*** Dataset content ***

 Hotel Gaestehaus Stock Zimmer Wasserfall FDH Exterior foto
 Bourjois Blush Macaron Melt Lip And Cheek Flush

***
*** Dataset content ***

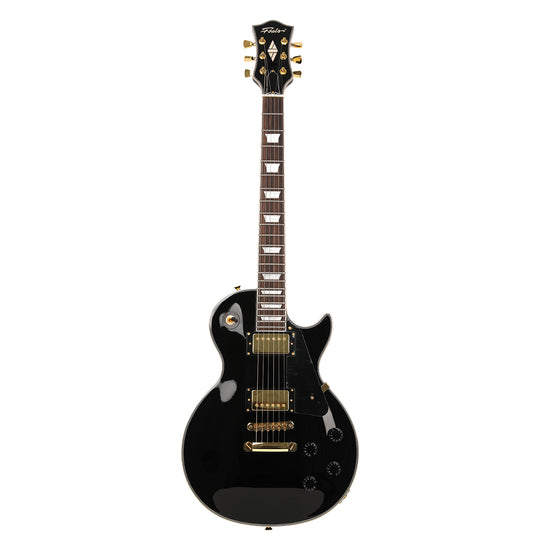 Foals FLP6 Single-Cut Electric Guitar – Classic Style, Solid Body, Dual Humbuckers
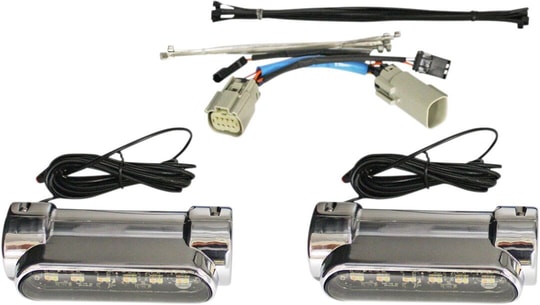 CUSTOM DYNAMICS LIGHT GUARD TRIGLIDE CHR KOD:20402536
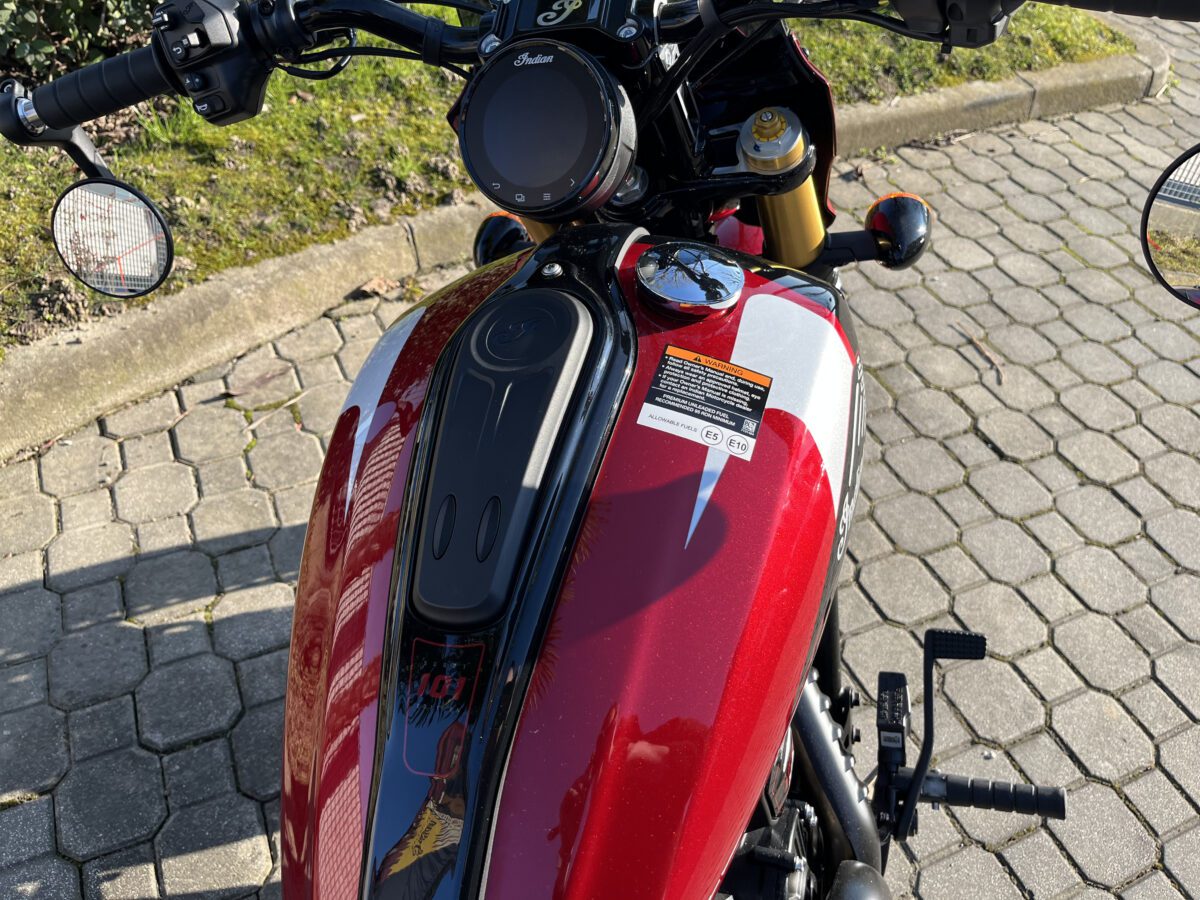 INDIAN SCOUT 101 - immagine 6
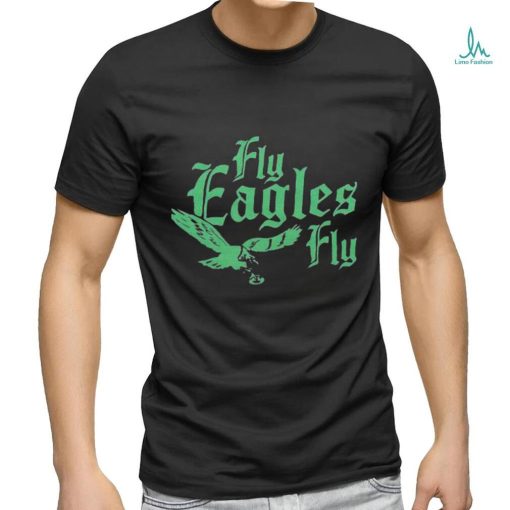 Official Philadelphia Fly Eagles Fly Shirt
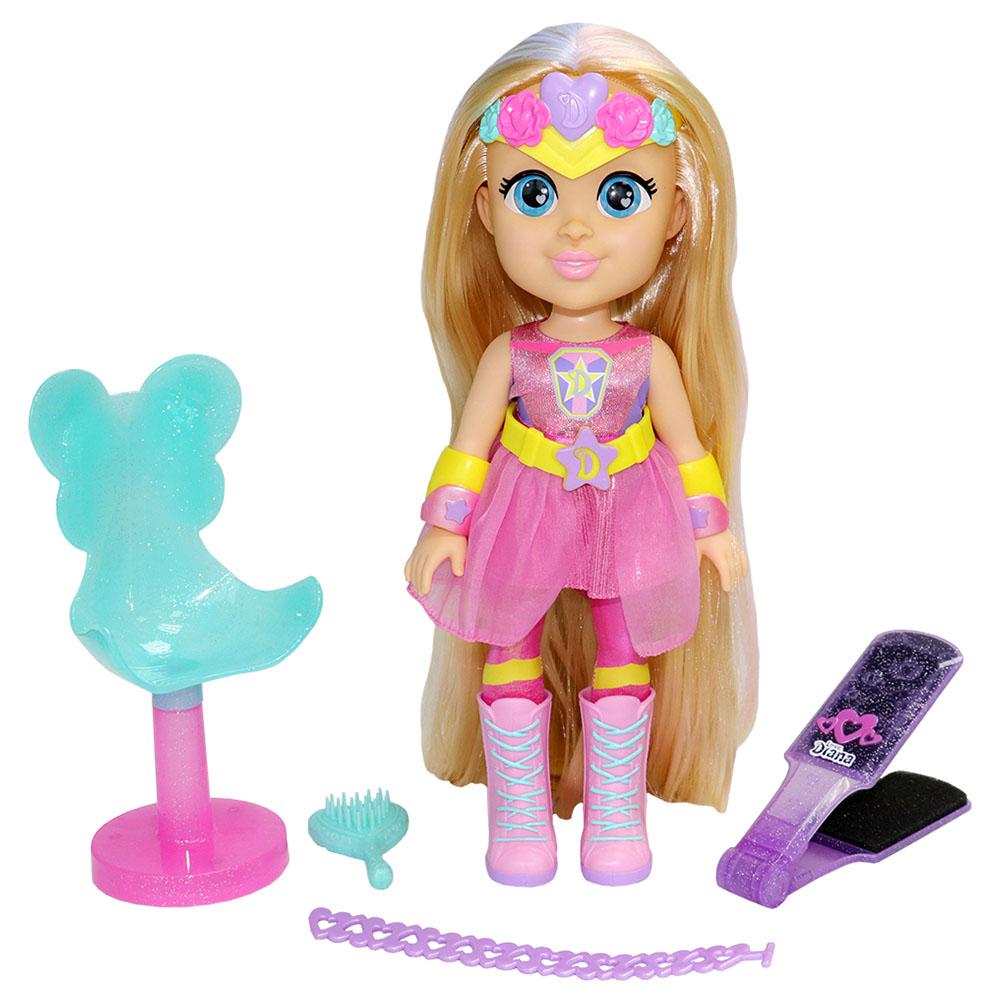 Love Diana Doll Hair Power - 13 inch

***
*** Dataset content ***

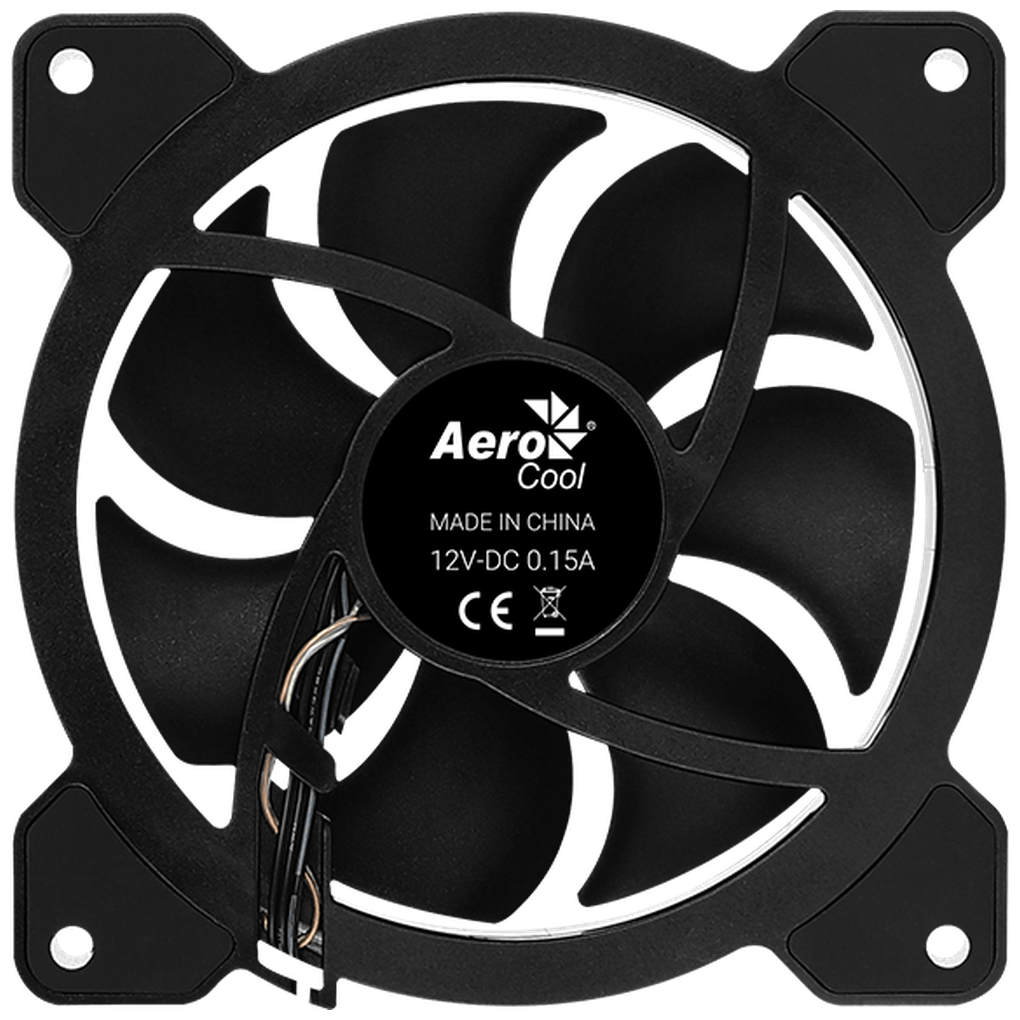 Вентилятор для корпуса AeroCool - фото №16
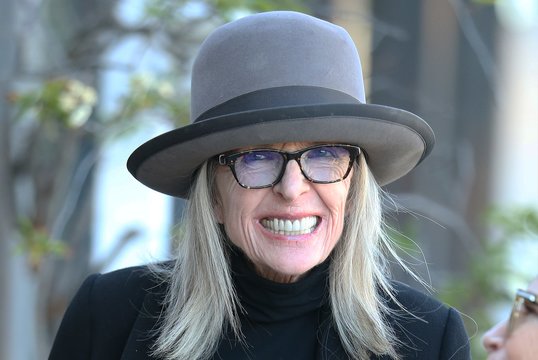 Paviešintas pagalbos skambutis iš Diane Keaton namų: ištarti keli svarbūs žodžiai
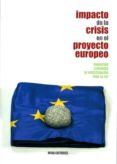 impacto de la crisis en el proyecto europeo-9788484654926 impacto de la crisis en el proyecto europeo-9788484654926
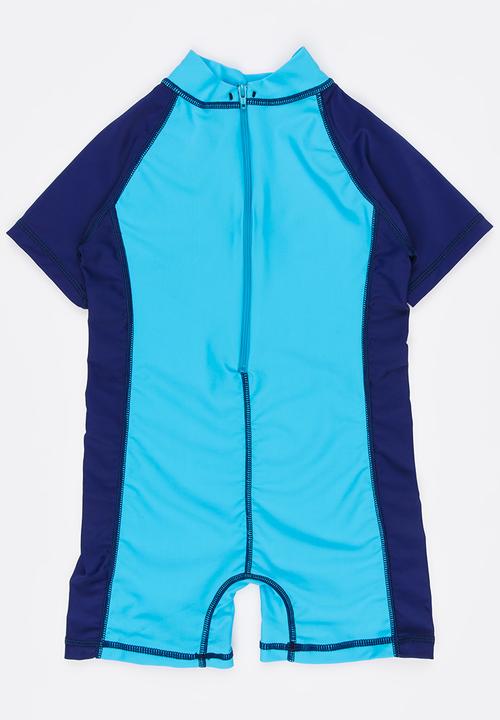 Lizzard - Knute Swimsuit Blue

***

### Work task
In the listing above, the lines from the one containing "Hotel Gaestehaus Stock" through the one containing "Bourjois Blush Macaron" must be set down exactly, with no other lines.

### Task output
 Hotel Gaestehaus Stock Zimmer Wasserfall FDH Exterior foto
 Bourjois Blush Macaron Melt Lip And Cheek Flush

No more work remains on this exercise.